A Modest Health Care Proposal

In 1729, Dr. Jonathan Swift offered a modest proposal to, as the full title of his satiric (he wasn’t actually, as far as we know, advocating infanticide) put it, prevent “The Children of Poor People in Ireland from Being a Burden to Their Parents or Country, and for Making Them Beneficial to the Publick.”

The year 2010 seems to call for a remake, an American Modest Proposal 2.0, something that is as clear-eyed and unsentimental about society’s problems as Swift’s original was.  And so we present “A Modest Health care Proposal: For Preventing Aging Demographics, Aka The Baby Boomers, from Being a Burden to Their Descendents or Country, and for Making Them Beneficial to the Hungry People of the World.” So here goes:

It is a melancholy sight that greets those who walk through Irvine, or travel through this country, when they see the emergency rooms, the hospitals and clinics crowded with baby boomers, clutching vials of Viagra and Prozac, importuning every passing person for money to pay for the various pharmaceutical elixirs that have kept this generation of 60-is-the-new-30-ers “young.”

These boomers, having reaped the prosperity of read-my-lips-no-more-taxes, of tech bubbles and cheap credit, are now faced with reality: the most expensive and least efficient health care system in the world, one that threatens to bankrupt the country even as it fails to cover millions.
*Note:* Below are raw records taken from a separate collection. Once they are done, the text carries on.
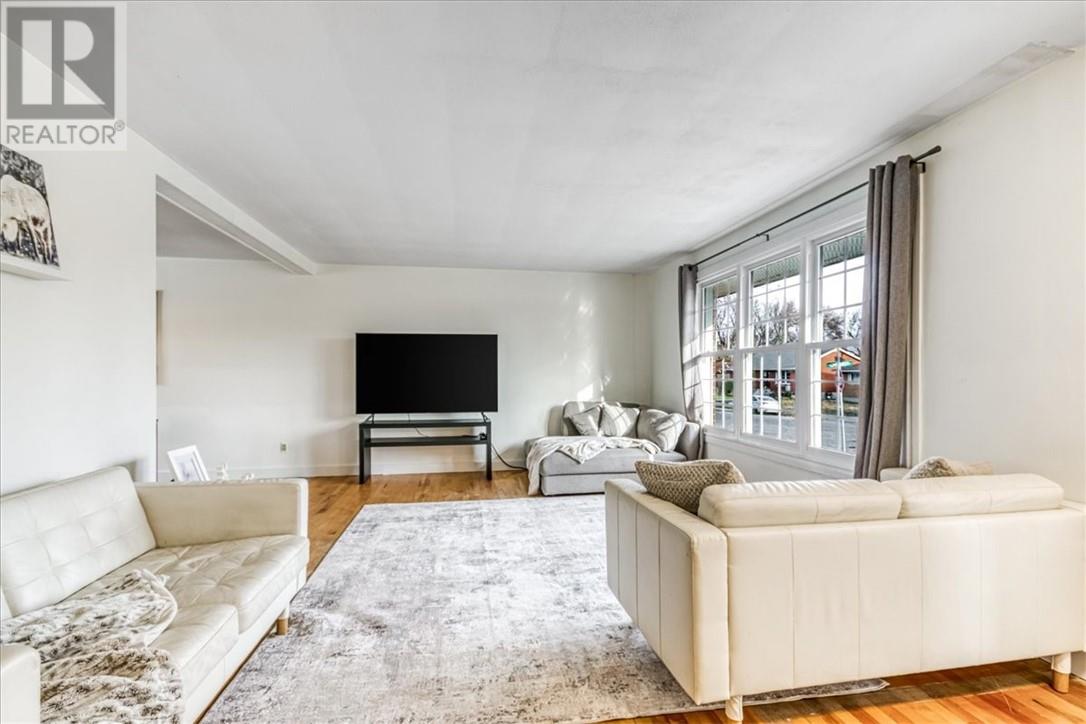 6 Cobalt Street, Falconbridge, Ontario  P0M 1S0 - Photo 11 - 2125590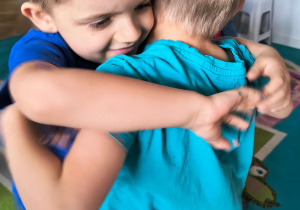 Chłopcy przytulają się do siebie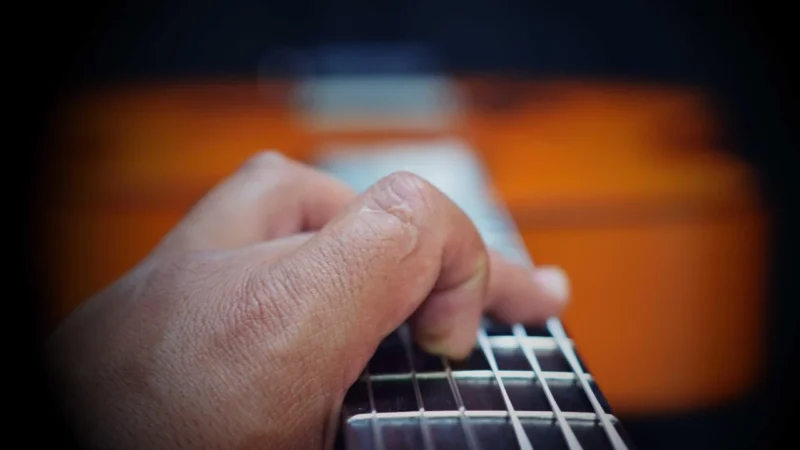 Jak nauczyć się grać na gitarze bez gitary
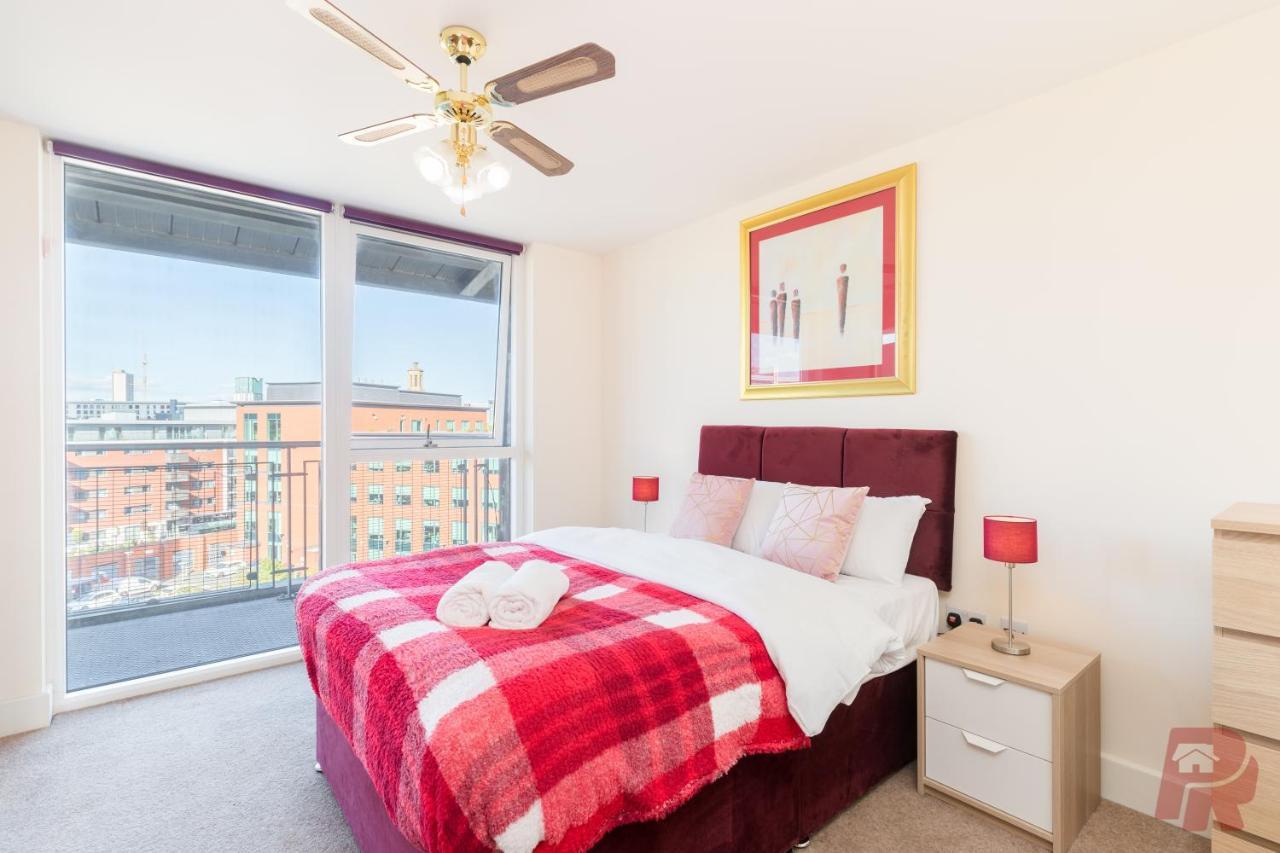 Birmingham City Apartment Skyline Views - Free Parking & Balcony Esterno foto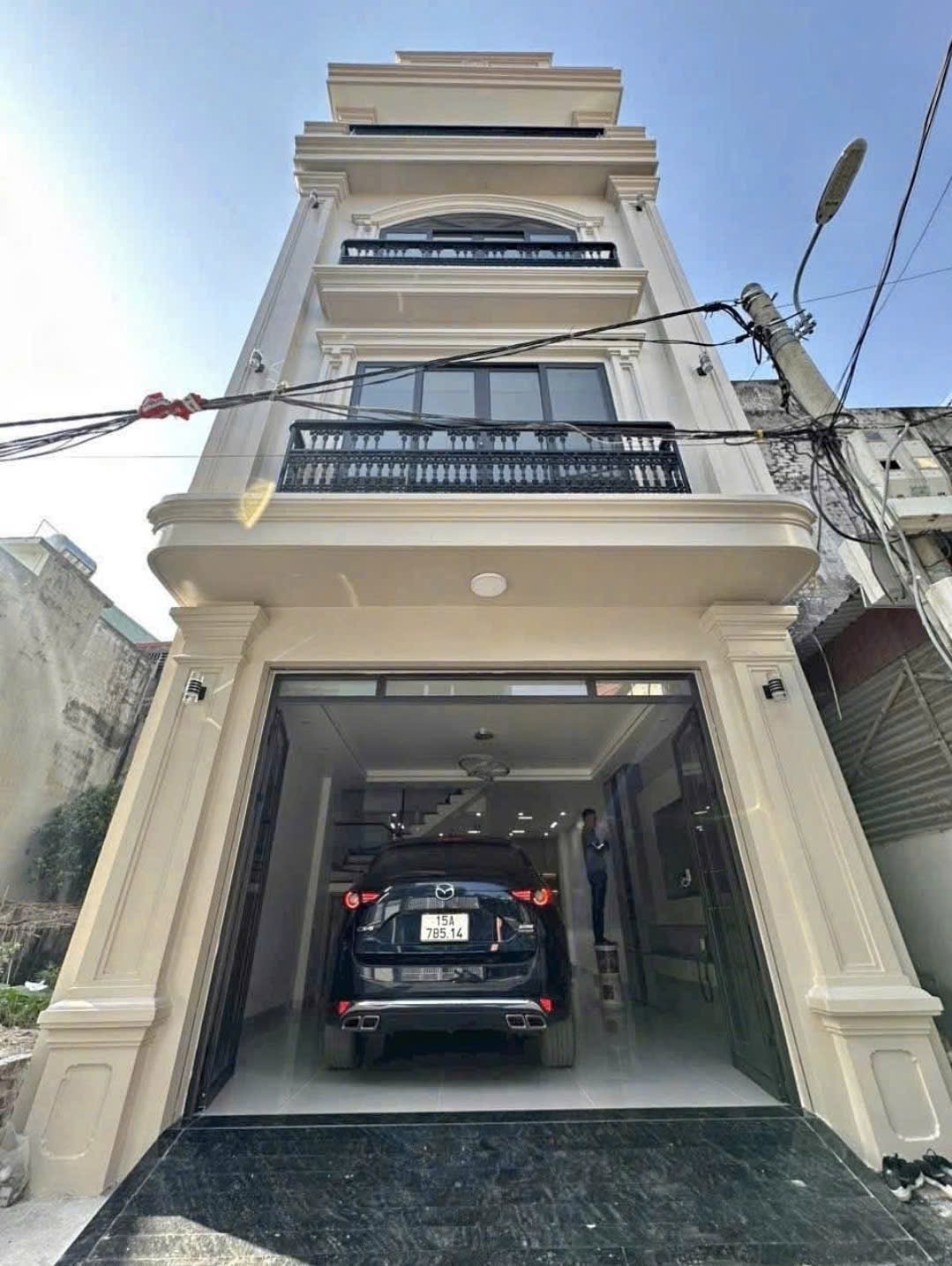 Bán nhà 50m mặt chính lai xá vị trí đẹp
Faced with the possibility of such a grim future, the boomers voted for a president who promised to fix this problem.  If Obama could, as many seemed to believe toward the beginning, walk on water, surely he could negotiate a moribund political climate, even pacify Harry and Louise, to reform health care, an accomplishment that has eluded American presidents for 100 years.

After a year of tea parties and death panels, Democrats passed a health care bill. The reaction to the bill has been mixed and highly polarized. “The Economist’s” Christopher Lockwood gave the lukewarm review “it was marginally worth having.” Others weren’t as cautious. Conservatives called the bill a government takeover of health care meant to expand entitlements and build a permanent Democratic majority (never mind that the government already provides 50 percent of health care). Others claim it will mean that old people will be euthanized (not true, see average age of representatives (57.2) and senators (63.1). The other side doesn’t think the bill does enough. Where is single payer health care, damn it? Where’s the cost control?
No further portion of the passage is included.